Query¶
Data Models¶
- pydantic model dsgrid.query.models.ProjectQueryModel[source]¶
Represents a user query on a Project.
Create a new model by parsing and validating input data from keyword arguments.
Raises [ValidationError][pydantic_core.ValidationError] if the input data cannot be validated to form a valid model.
self is explicitly positional-only to allow self as a field name.
- Fields:
- field project: ProjectQueryParamsModel [Required]¶
Defines the datasets to use and how to transform them.
- field result: QueryResultParamsModel = QueryResultParamsModel(replace_ids_with_names=False, aggregations=[], aggregate_each_dataset=False, reports=[], column_type=<ColumnType.DIMENSION_QUERY_NAMES: 'dimension_query_names'>, table_format=UnpivotedTableFormatModel(format_type=<TableFormatType.UNPIVOTED: 'unpivoted'>), output_format='parquet', sort_columns=[], dimension_filters=[], time_zone=None)¶
Controls the output results
- pydantic model dsgrid.query.models.ProjectQueryParamsModel[source]¶
Defines how to transform a project into a CompositeDataset
Create a new model by parsing and validating input data from keyword arguments.
Raises [ValidationError][pydantic_core.ValidationError] if the input data cannot be validated to form a valid model.
self is explicitly positional-only to allow self as a field name.
- Fields:
- Validators:
check_unsupported_fields
»all fields
- field dataset: DatasetModel [Required]¶
Definition of the dataset to create.
- Validated by:
- field excluded_dataset_ids: list[str] = []¶
Datasets to exclude from query
- Validated by:
- field include_dsgrid_dataset_components: bool = False¶
- Validated by:
- field project_id: str [Required]¶
Project ID for query
- Validated by:
- field spark_conf_per_dataset: list[SparkConfByDataset] = []¶
Apply these Spark configuration settings while a dataset is being processed.
- Validated by:
- field version: str | None = None¶
Version of project or dataset on which the query is based. Should not be set by the user
- Validated by:
- pydantic model dsgrid.query.models.QueryResultParamsModel[source]¶
Controls post-processing and storage of CompositeDatasets
Create a new model by parsing and validating input data from keyword arguments.
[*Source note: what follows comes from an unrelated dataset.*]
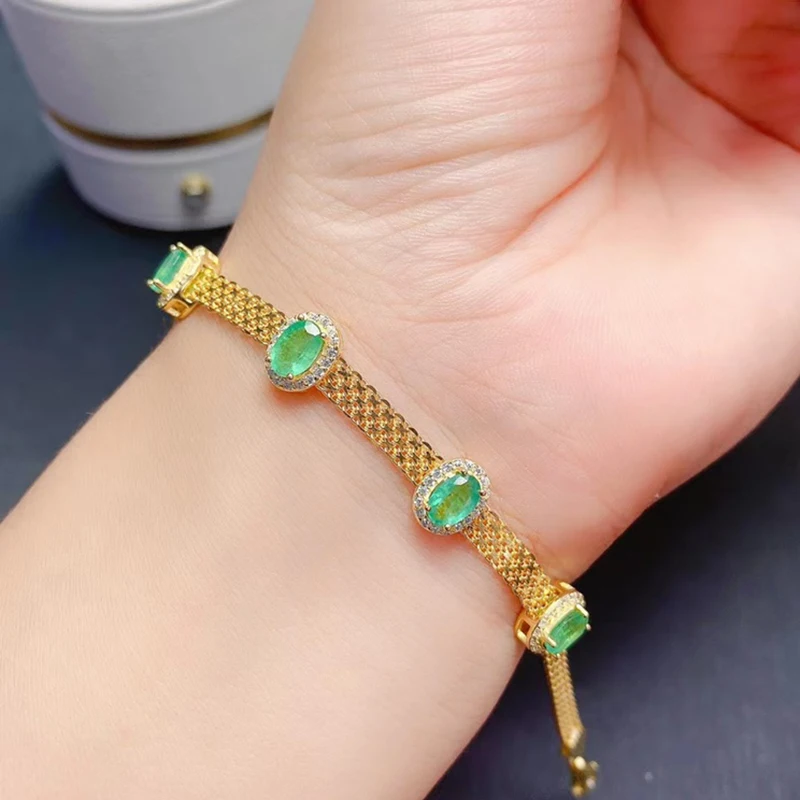 

Natural Emerald Bracelet for women silver 925 jewelry luxury gem stones 18k gold plated free shiping items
Raises [ValidationError][pydantic_core.ValidationError] if the input data cannot be validated to form a valid model.
self is explicitly positional-only to allow self as a field name.
- Fields:
- Validators:
check_column_type
»all fields
check_pivot_dimension_type
»all fields
- field aggregate_each_dataset: bool = False¶
If True, aggregate each dataset before applying the expression to create one overall dataset. This parameter must be set to True for queries that will be adding or subtracting datasets with different dimensionality. Defaults to False, which corresponds to the default behavior of performing one aggregation on the overall dataset. WARNING: For a standard query that performs a union of datasets, setting this value to True could produce rows with duplicate dimension combinations, especially if one or more dimensions are also dropped.
- Validated by:
- field aggregations: list[AggregationModel] = []¶
Defines how to aggregate dimensions
- Validated by:
- field column_type: ColumnType = ColumnType.DIMENSION_QUERY_NAMES¶
Whether to make the result table columns dimension types. Default behavior is to use dimension query names. In order to register a result table as a derived dataset, this must be set to dimension_types.
- Validated by:
- field dimension_filters: list[Annotated[DimensionFilterExpressionModel | DimensionFilterExpressionRawModel | DimensionFilterColumnOperatorModel | DimensionFilterBetweenColumnOperatorModel | SubsetDimensionFilterModel | SupplementalDimensionFilterColumnOperatorModel, FieldInfo(annotation=NoneType, required=True, discriminator='filter_type')]] = []¶
Filters to apply to the result. Must contain columns in the result.
- Validated by:
- field output_format: str = 'parquet'¶
Output file format: csv or parquet
- Validated by:
- field replace_ids_with_names: bool = False¶
Replace dimension record IDs with their names in result tables.
- Validated by:
- field reports: list[ReportInputModel] = []¶
Run these pre-defined reports on the result.
- Validated by:
- field sort_columns: list[str] = []¶
Sort the results by these dimension query names.
- Validated by:
- field table_format: Annotated[PivotedTableFormatModel | UnpivotedTableFormatModel, FieldInfo(annotation=NoneType, required=True, title='table_format', description='Defines the format of the value columns of the result table.', discriminator='format_type')] = UnpivotedTableFormatModel(format_type=<TableFormatType.UNPIVOTED: 'unpivoted'>)¶
Defines the format of the value columns of the result table.
- Validated by:
- field time_zone: str | None = None¶
Convert the results to this time zone.
- Validated by:
- validator check_format » output_format[source]¶
- pydantic model dsgrid.query.models.DatasetModel[source]¶
Specifies the datasets to use in a project query.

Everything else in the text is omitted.